- _The input_:
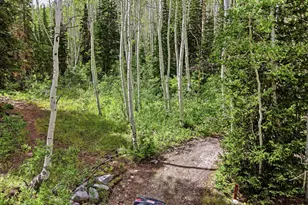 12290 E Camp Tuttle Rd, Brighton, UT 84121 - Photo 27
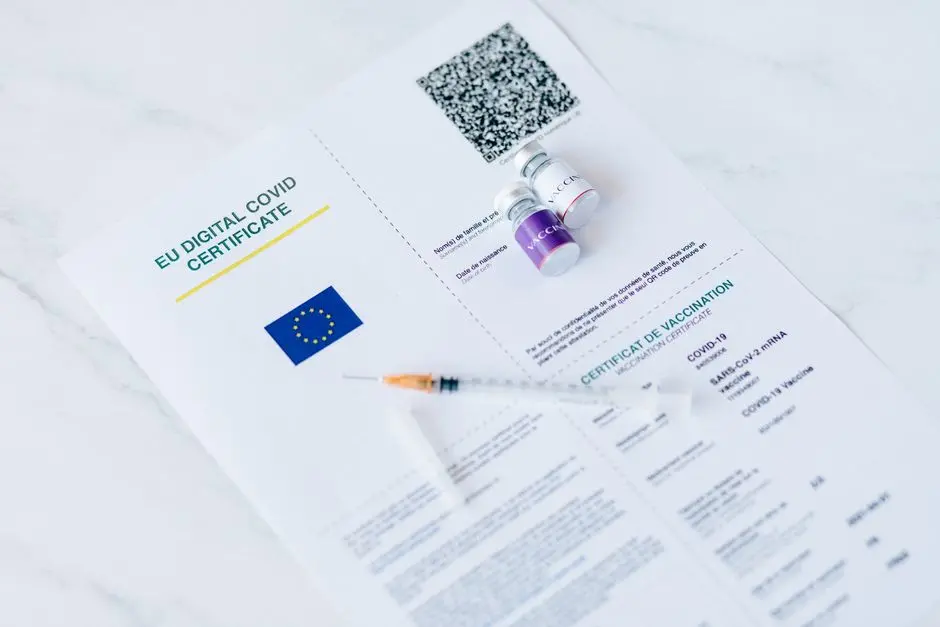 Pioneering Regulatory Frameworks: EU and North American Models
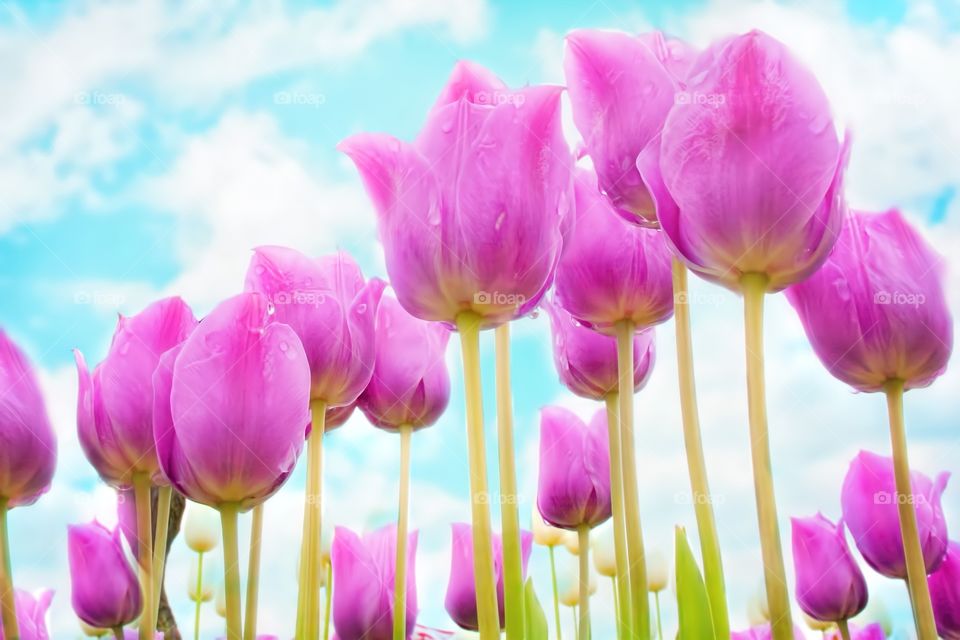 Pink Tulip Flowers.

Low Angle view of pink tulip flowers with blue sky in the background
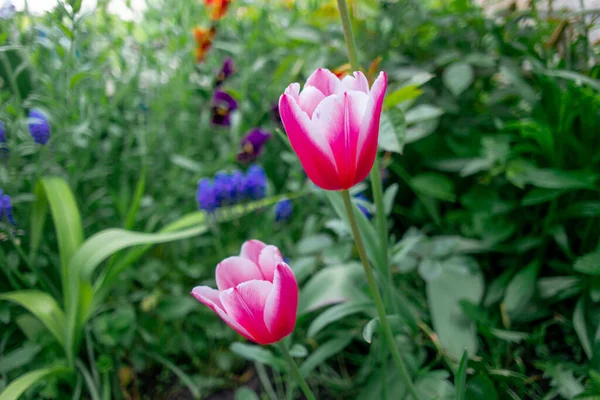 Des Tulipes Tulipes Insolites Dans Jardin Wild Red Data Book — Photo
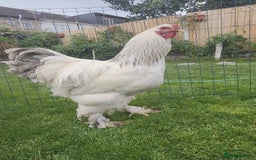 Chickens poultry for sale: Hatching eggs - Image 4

- _Exercise prompt_: From the first line to the last, set down the records above exactly and skip the pictures.

- _Answer for the task_:
 12290 E Camp Tuttle Rd, Brighton, UT 84121 - Photo 27
 Pioneering Regulatory Frameworks: EU and North American Models
 Pink Tulip Flowers.

Low Angle view of pink tulip flowers with blue sky in the background
 Des Tulipes Tulipes Insolites Dans Jardin Wild Red Data Book — Photo
 Chickens poultry for sale: Hatching eggs - Image 4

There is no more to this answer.